Pular para o conteúdo principal
InicioTutoriaisCiência de dados

A Comprehensive Introduction to Anomaly Detection

A tutorial on mastering the fundamentals of anomaly detection - the concepts, terminology, and code.
nov. de 2023  · 14 min leer

Everyone loves to stand out, to be different. But that’s not the quality you want in your data points as a data scientist. Divergent data points or anomalies in a dataset, are one of the most dangerous data quality issues that plague almost all data projects.

This last sentence may surprise you if you have only been working on polished open-source datasets that often come without outliers. However, real-world datasets always have some differences from the normal samples. It is your job to detect and deal with them appropriately.

In this article, you will learn the fundamental ideas of this process, which is often called anomaly detection:

  1. The detrimental effect anomalies have on your project.
  2. The importance of detecting anomalies.
  3. Real-world applications of anomaly detection.
  4. The difference between anomalies, outliers, and novelties.
  5. Types of anomalies and anomaly detection methods.
  6. How to build anomaly detection algorithms in Python.
  7. How to deal with the challenges of anomaly detection.

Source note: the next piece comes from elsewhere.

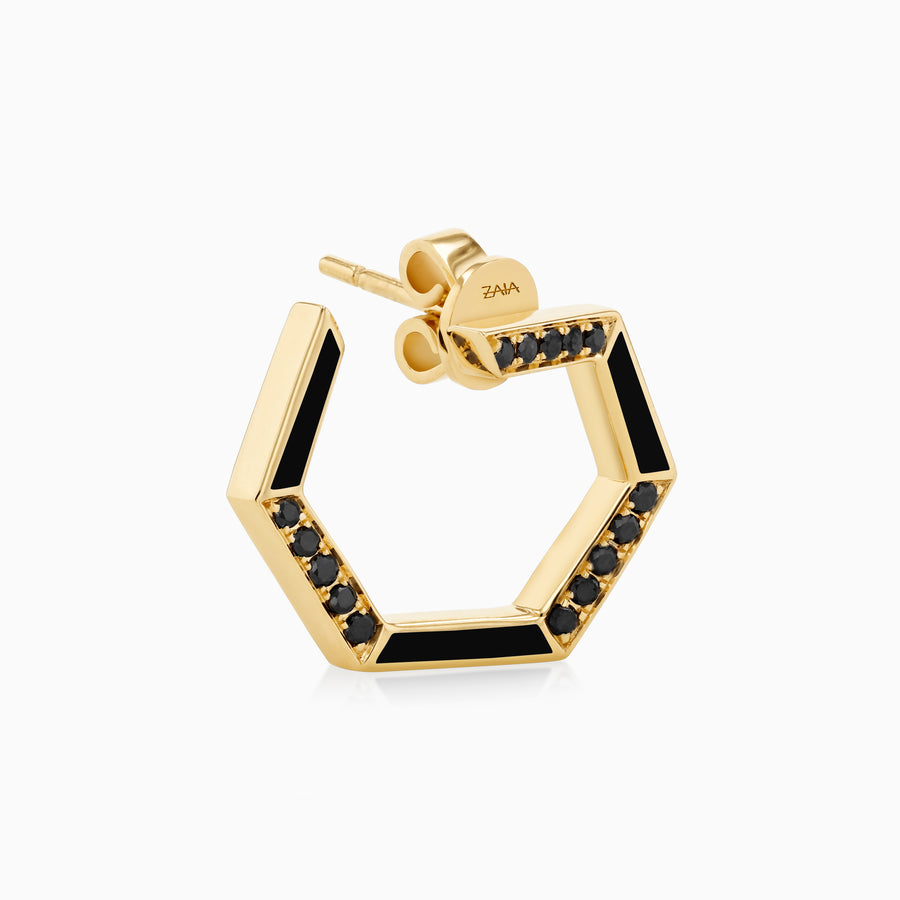 HEXA Earrings Small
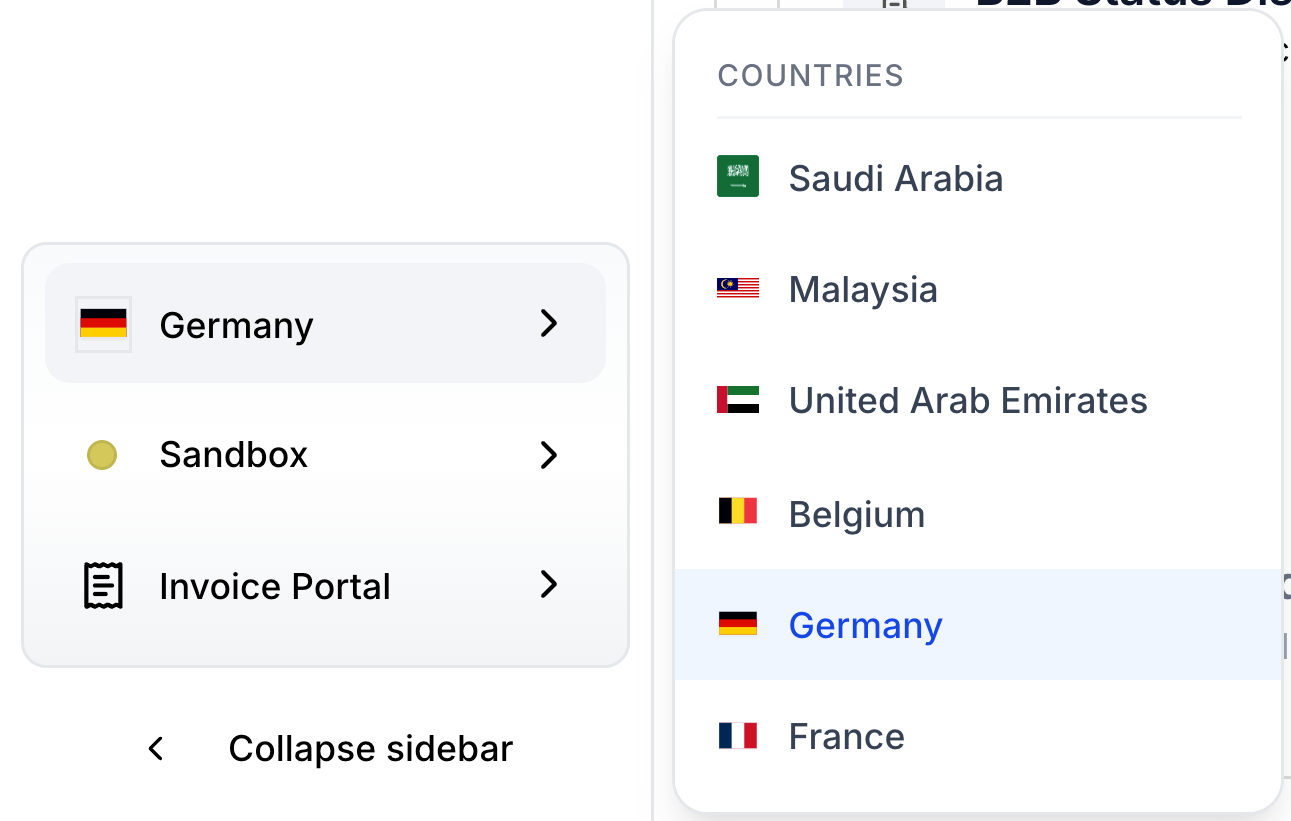 Germany E-Invoicing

By the end, you will master the fundamentals of anomaly detection and gain the confidence to mitigate the disruptive influence of outliers in your projects.

What is Anomaly Detection?

Anomaly detection, sometimes called outlier detection, is a process of finding patterns or instances in a dataset that deviate significantly from the expected or “normal behavior.”

The definition of both “normal” and anomalous data significantly varies depending on the context. Below are a few examples of anomaly detection in action.

1. Financial transactions

Normal: Routine purchases and consistent spending by an individual in London.

Outlier: A massive withdrawal from Ireland from the same account, hinting at potential fraud.

2. Network traffic in cybersecurity

Normal: Regular communication, steady data transfer, and adherence to protocol.

Outlier: Abrupt increase in data transfer or use of unknown protocols signaling a potential breach or malware.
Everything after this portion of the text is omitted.